Crude Oil Eases As The Spread With Brent Widens

Crude oil and Brent Oil prices eased this morning after the U.N. Security Council made progress in the quest to get Syria to relinquish its chemical weapons. The draft US-Russia resolution, seen by AFP, does not propose immediate measures over a chemical attack in Damascus one month ago. But it allows for possible sanctions — after a new vote — if there are breaches of an armament plan. The 15-member Security Council held its first talks on the text yesterday and a vote could be held today with several top ministers taking part, diplomats said.

Crude oil touched $102.69 and Brent oil was at 109.10 with the spread widening to close to $7 which indicates that we might see Brent oil take a tumbled The major global markets are awaiting trigger points before heading the next wave of an up or down move and, crude is also falling in the same territory. Especially from the US, the weaker than expected US inventory data and mixed set of economic data lately has pushed the WTI to underperform its UK-based peer, the Brent. Slowly but steadily, the Brent has managed to push higher than the former, with the spread between the two now standing near $6.4 per barrel, as compared to just $4.5 per barrel at the start of this week.
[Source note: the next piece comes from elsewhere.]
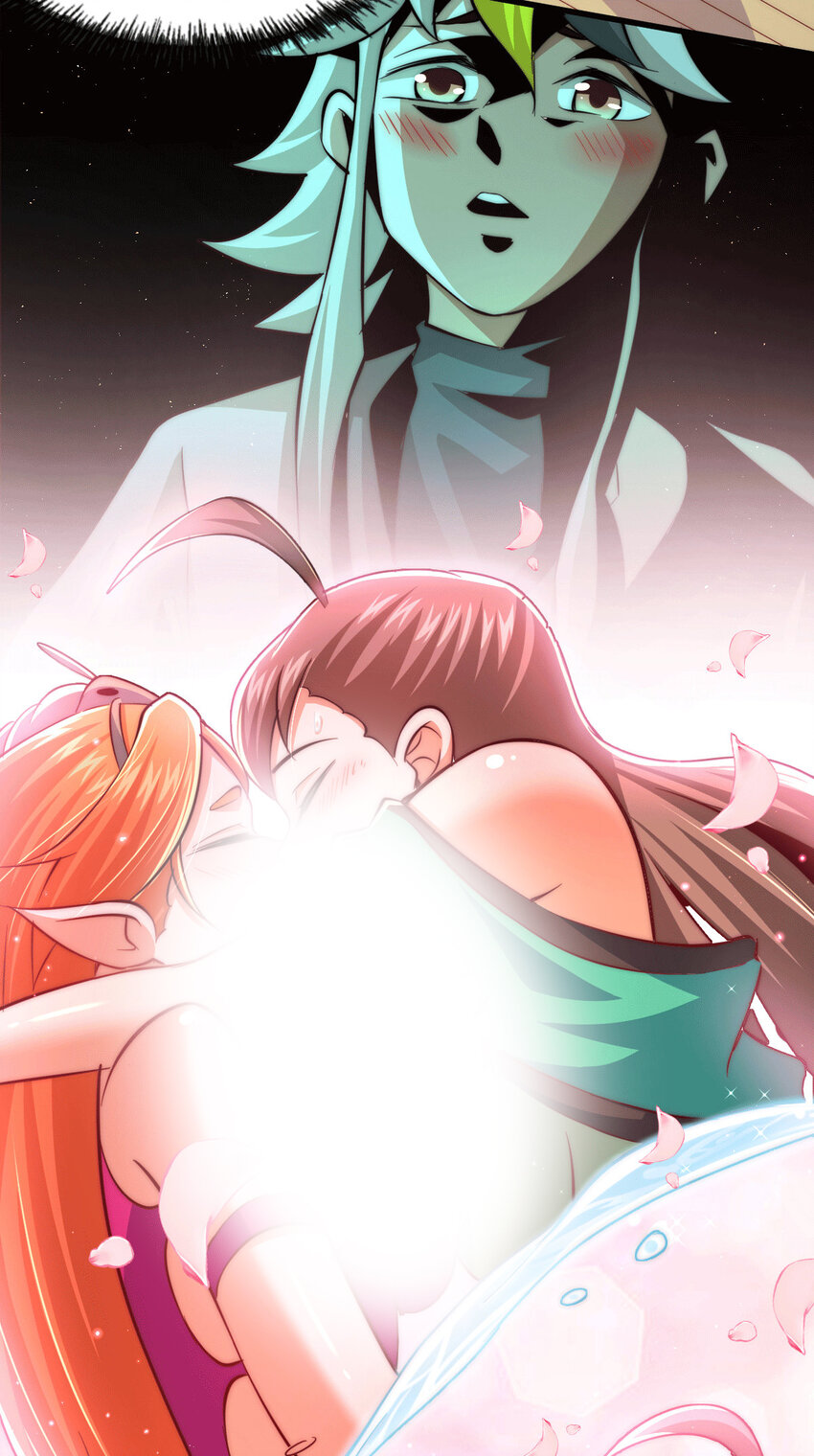 第25话 易先生，这里是极乐！-第27话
The UN council’s five permanent members on Thursday agreed to a resolution calling for Syria to get rid of its chemical weapons. That helped ease fears of an escalation in Syria’s civil war since the U.S. has been threatening to attack Syria in retaliation for what Washington says was a chemical gas attack by forces loyal to President Bashar Assad against civilians in suburban Damascus. The prospect of an attack and the potential for a disruption in oil supply routes, caused oil prices to spike in recent weeks. Prices have gradually fallen in recent days as diplomacy over Syria advanced. The progress at the U.N. on Thursday maintained the downward trend on the price of oil. With Syria moving to the back burner and an easing in ties between the West and Iran is weighing on prices. A meeting between US Secretary of State, John Kerry, and his Iranian counterpart yesterday has raised hopes of an easing of Western sanctions against Tehran over its nuclear programme. Such a move would allow the oil-rich nation to export more freely.
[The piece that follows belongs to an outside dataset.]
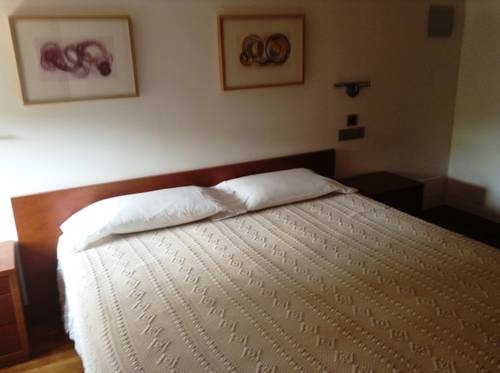 Imagen general del Hotel Desbrull. Foto 7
Positive reports for the U.S. economy pushed prices higher Thursday. The contract for benchmark crude gained 37 cents Thursday to close at $103.03 a barrel on the New York Mercantile Exchange. Oil had dropped $5.41, or 5 percent, over the five previous trading sessions. Oil prices rose as data showed that the number of Americans seeking unemployment benefits fell 5,000 last week to a seasonally adjusted 305,000, the second-lowest level in six years. The U.S. economy, meanwhile, was confirmed to have grown an annualized 2.5 percent in the April-June period.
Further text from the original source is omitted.